Member of the Louisiana House of Representatives from the 18th district
- Incumbent
- Assumed office March 2019
- Preceded by: Major Thibaut

Personal details
- Born: Fordoche, Louisiana, U.S.
- Party: Republican (since 2023)
- Other political affiliations: Democratic (until 2023)
- Children: 2
- Education: Northwestern State University (BA) Louisiana State University (JD)

= Jeremy LaCombe =

American politician

Jeremy S. LaCombe is an American attorney and politician serving as a member of the Louisiana House of Representatives from the 18th district. He assumed office in 2019 after a special election. Elected as a Democrat, he switched parties and became a Republican on April 10, 2023.
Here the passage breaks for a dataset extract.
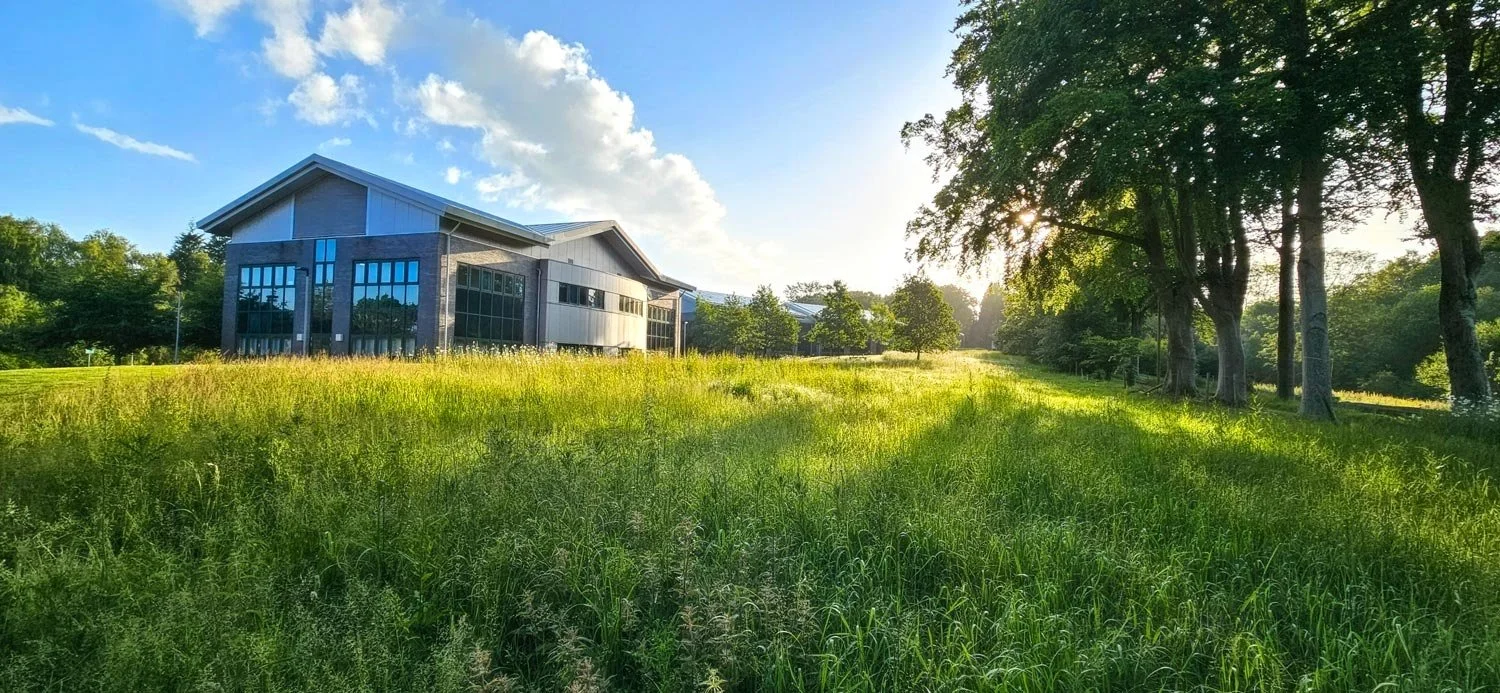 A modern building is shown in a grassy field with green trees under a partly cloudy sky during sunset.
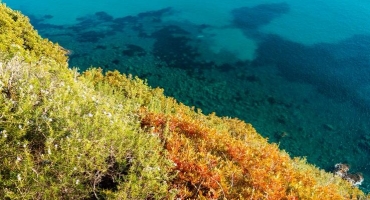 PASQUA NELLA NATURA, VIENI CON NOI SULLA VIA DELL'ESSENZA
== Early life and education ==
LaCombe was born in Fordoche, Louisiana. He earned a Bachelor of Arts degree in political science from Northwestern State University in 1999 and a Juris Doctor from the Paul M. Hebert Law Center at Louisiana State University in 2004.

== Career ==
In 2004 and 2005, LaCombe worked as a law clerk at Fisher, Boyd, Brown, Boudreaux & Huguenard. In 2005 and 2006, he served as assistant district attorney of Caddo Parish, Louisiana. He was also an attorney at LeBlanc & Waddell. Since 2008, he has worked as an attorney at the LaCrombe Law Firm. LaCombe was elected to the Louisiana House of Representatives in a March 2019 special election, succeeding Major Thibaut. LaCombe also serves as vice chair of the House Select Committee on Homeland Security.

On April 10, 2023, LaCombe announced he had left the Democratic Party and would be registering as a Republican.